**Work to be completed**
Copy exactly and only the lines running from the one that contains "Mavi Civciv Anahtarlık 1910852-33401" to the final line of the data below, without the pictures.

**Collected material**
+++

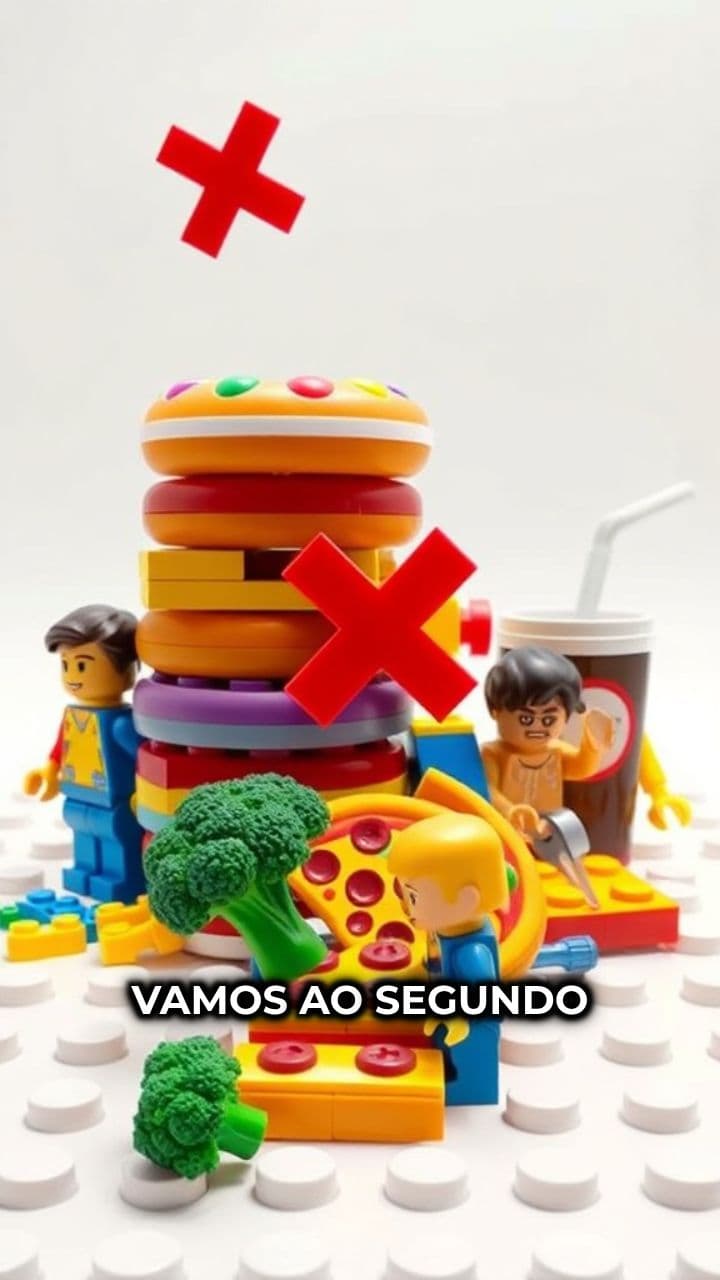 Correr Depois do Churrasco? Evite a Nutrição Inadequada!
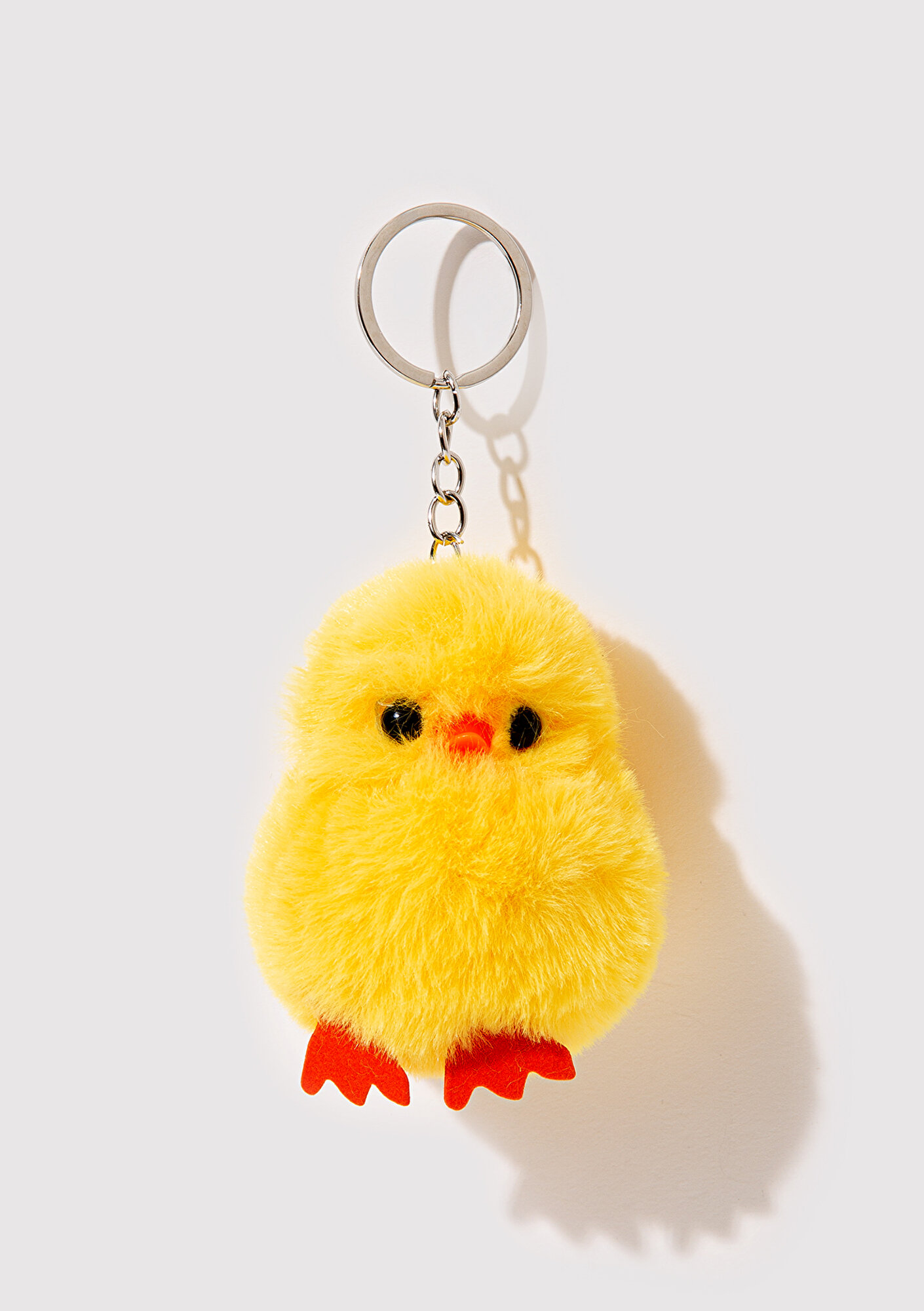  Mavi Civciv Anahtarlık 1910852-33401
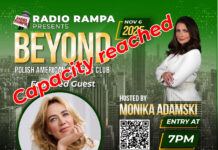 BEYOND Networking Event feat. Danuta Mieloch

+++

**Answer to this task**
  Mavi Civciv Anahtarlık 1910852-33401
 BEYOND Networking Event feat. Danuta Mieloch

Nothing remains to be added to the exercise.